Твоя любимая сестра, моя мужественная Роза, моя подруга в жизни и борьбе, верно и стойко помогает мне, терпеливо и мужественно перенесла вместе со мной все тяжкие и жестокие испытания. Почти одновременно с началом мировой войны, в ужасной пучине которой проявились все виды страданий, самопожертвования, верности и товарищества, какие только можно себе представить, началась наша молодая супружеская жизнь; первая многолетняя разлука была вызвана войной. В послевоенные годы можно было насчитать не много свободных часов, которыми я располагал для своей счастливой семейной жизни. Но длительное тюремное заключение, которому я подвергаюсь и которое против воли разлучает нас, — это человеческая драма, трагическое переживание. Эта принудительная разлука, подтачивающая самую основу жизни, жестока и горька, потому что терзает двух людей, которые как муж и жена всегда были неразрывно связаны и сплочены глубоким сердечным союзом.

Дорогой шурин, нравится ли тебе и твоей семье новый собственный дом, который ты сам выстроил в поселении на городской окраине? Да, каждый день выполнять тяжелую работу по специальности и в то же время построить себе поселенческий дом — это не только благодарная, но и тяжелая задача. Чтобы освоить пустошь и в самый короткий срок сделать ее доходной, нужны прилежание и настойчивость. Как ты пишешь, всем в семье пришлось взяться за дело, чтобы выполнить эту работу с успехом. Ведь дело идет о повседневной борьбе с целиной, о тяжком труде для того, чтобы благодаря поселенческому хозяйству добиться в дальнейшем косвенного повышения жизненного уровня. Но в то же время поселенец часто может найти в работе и утешение от всех неудач. Возделать земельный участок в 1400 кв. м наряду с повседневной работой по специальности, как ты собираешься, — это весьма смелое предприятие, чрезвычайно большая задача, требующая многих усилий, жертв и тяжелого труда. Рабочий, служащий, чиновник, получающие заработную плату низшего и среднего уровня, не всегда в состоянии покупать в достаточном количестве продовольствие и прежде всего овощи и фрукты. Поселение, возможно, приведет к некоторому решению этого вопроса. Питание семьи станет дешевле и обильнее. Земельные участки дадут некоторую часть продовольствия. В целом подсчитывают, что в благоприятном случае семья, имеющая участок в 1000 кв. м, сможет сама покрыть свою потребность в картофеле, овощах и ягодах, однако при этом предполагают, что участок уже так подготовлен и обработан, что при самом старательном ведении хозяйства урожай зависит в основном лишь от качества земли и особенно от милости природы. Желаю вам всего хорошего, наилучших успехов и прежде всего счастья в этой трудной работе.
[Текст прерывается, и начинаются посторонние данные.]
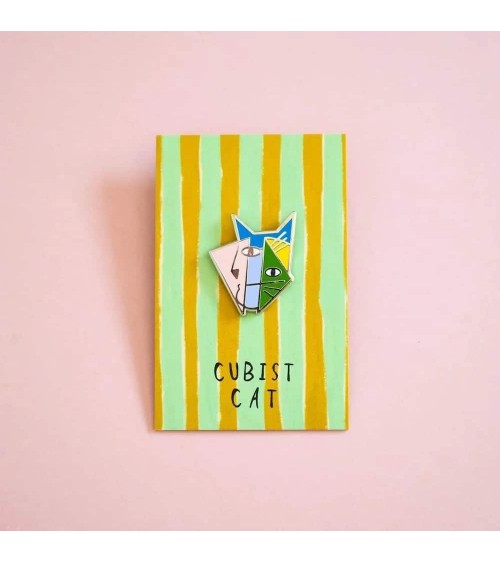 Pin's chat - Cubist Cat Art Meowment Niaski pins rare métal originaux bijoux suisse
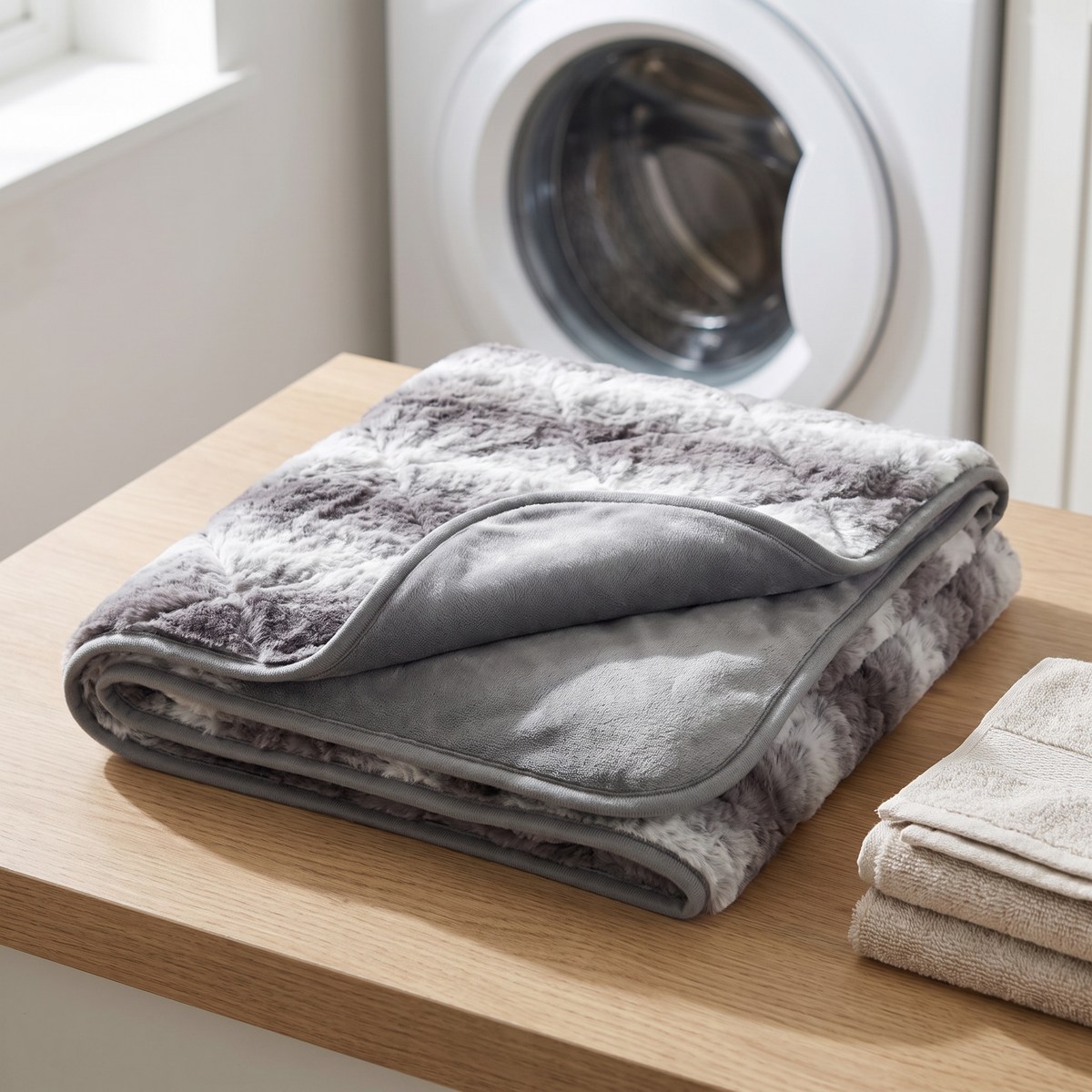 dog blanket luxury faux fur throw for sofa and bed marble grey in use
Как поживает твоя супруга? Как у жены поселенца, жребий ее тяжел, а ответственность велика. Помнит ли она еще те дни, которые провела в Гамбурге, когда заезжала туда на время? Я знаю, что такие воспоминания не так легко изглаживаются из памяти, так или иначе навсегда остаются незабываемыми. С радостью получил и сохранил фотографию твоей старшей дочери — Марго. А младшей, маленькой Эдит, уже больше 10 лет! Обе уже могут помогать вам в обработке земли и поселенческой работе и делом поддерживать вас…

Нет ничего более трагичного в жизни заключенного, чем тайный голод по вольным просторам природы и тоска по свободе! Хорошо счастливцу, которого не терзает эта душевная мука! Когда же засияет мне весна золотой свободы?

Я с радостью передал моей Розе присланный тобой привет от твоей сестры.

Настоятельно прошу тебя исполнить мое скромное пожелание: напиши Розе и Ирме письмо или открытку, этим ты доставил бы им большую, неожиданную радость.

В ответ на твое письмо и ваш самый сердечный привет прими эти строки с выражением моей глубочайшей благодарности. Надеюсь и желаю, чтобы это письмо застало вас здоровыми и бодрыми!

Много самых горячих сердечных приветов твоей Грете, Марго и младшей Эдит.

Тебя помнит, верно и горячо приветствует твой любящий зять Эрнст Тельман.